Oh and by the way boys and girls just where is Conrads OPEN LANDS PROGRAM he so conveniently trotted out the last election time! Remember how many of you where drooling about this proposal that was nothing more than a piece of chaff to hold the sportsmens vote!

Those who support sugar beets in the valley and the sugar subsidy should be pushing hard for biomass ethanol because all that cane down south would make the growers a lot more money that way and reduce the competition for sugar beet sugar as well!!!!!
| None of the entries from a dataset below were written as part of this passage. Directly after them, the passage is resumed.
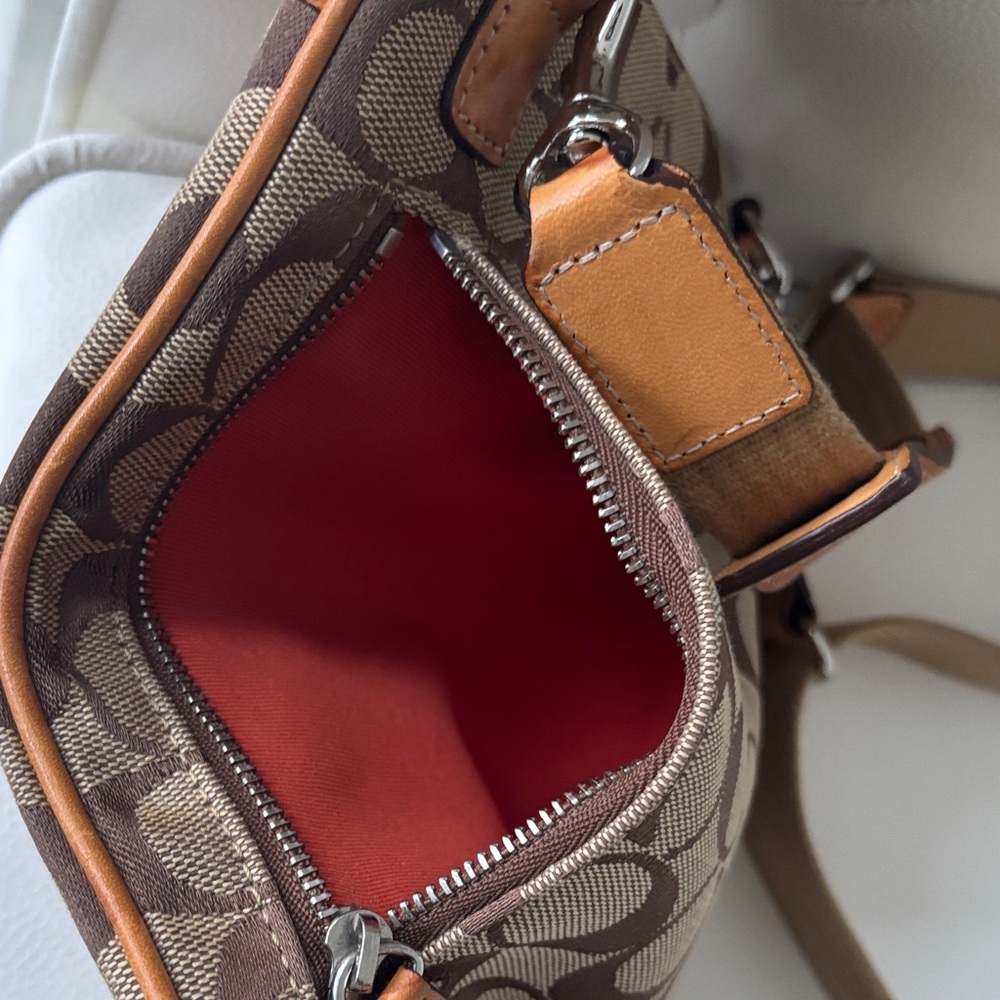 Coach Brown Messenger Bag with Signature Monogram  ( PREOWNED) - Picture 7 of 11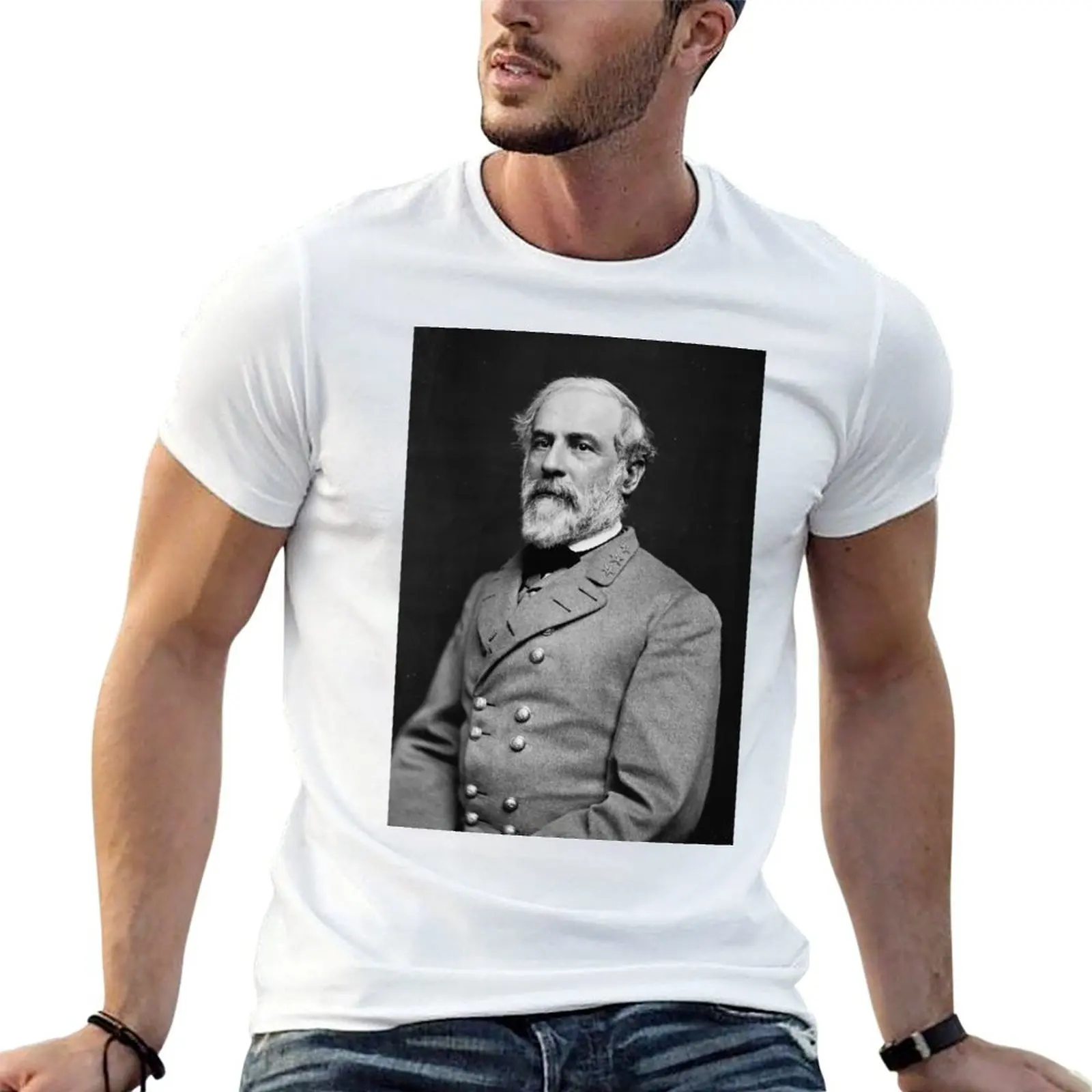 

Portrait of Confederate General Robert E. Lee (1864) T-Shirt graphic t shirts for man man t shirts for men T-Shirt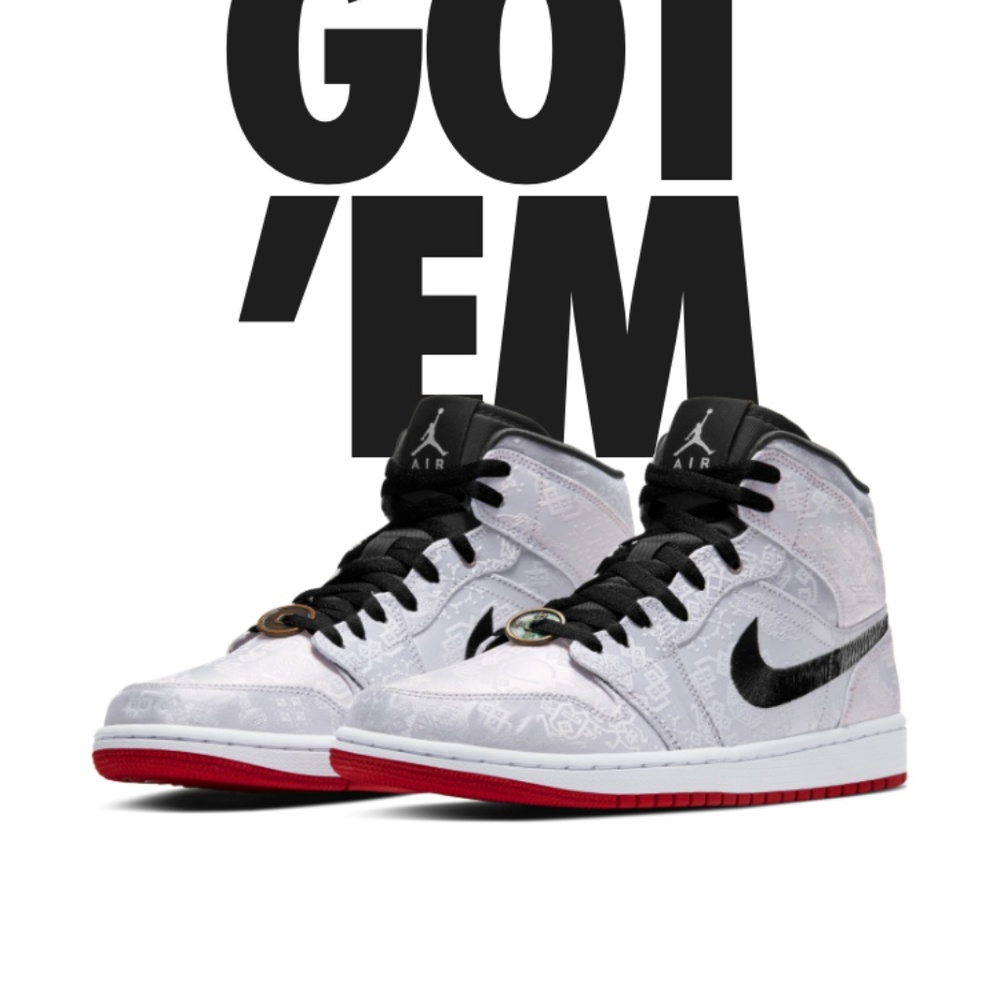Jordan 1 Mid SE Fearless Edison Chen CLOT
Also we need more corn imports to feed the ethanol plants as the beef and hog producers are suffering from the inflated price of corn.


----------



## dakotashooter2 (Oct 31, 2003)

What will happen is the demand for corn will go up, farmers will till every sq inch they can, get a few years of decent prices then the market will drop out (anybody remember $6 wheat in the late 70's early 80's), the farmers will scream for (and probably get) subsities. Prime habitat will be gone and the only ones making money will be the fertilizer companies and fuel industry.


----------



## g/o (Jul 13, 2004)

> What will happen is the demand for corn will go up, farmers will till every sq inch they can, get a few years of decent prices then the market will drop out (anybody remember $6 wheat in the late 70's early 80's), the farmers will scream for (and probably get) subsities. Prime habitat will be gone and the only ones making money will be the fertilizer companies and fuel industry.
> 
> 
> > unfortunatley you are probably right


----------



## The Norseman (Jan 8, 2005)

Hello everyone,

Our CRP is starting to cost us, we're about break even EBIT (earnings
before Taxes, Spraying, Insurance, and dought).

CRP is one of the worst investments out there.

The USDA is getting pickey about weeds and charging to come out to review what's in CRP. They all so collect money for the haying of that too

Our land is rated some of the best corp land around, and we are
concerning renting out after our contract expires.


----------



## 280IM (Mar 28, 2005)

g/o the corn price in Nebraska at the ethanol plant last week was over $4.oo a bushel, this compares to about half of a year ago at this time. There are plants going in all over that corn country so demand will be really high.there will be very little CRP left but you can't blame the land owner.What really hurts is if you are in the livestock businsse, $4.00 corn doesn't work well. The only thing I have against the ethonal is just how much government money is used in every gallon that is produced. I have been told the is a lot. The land prices have shoot up. I think the crp will be something of the past but did a lot of ggod while it was here.


----------



## 1911guy (Feb 24, 2007)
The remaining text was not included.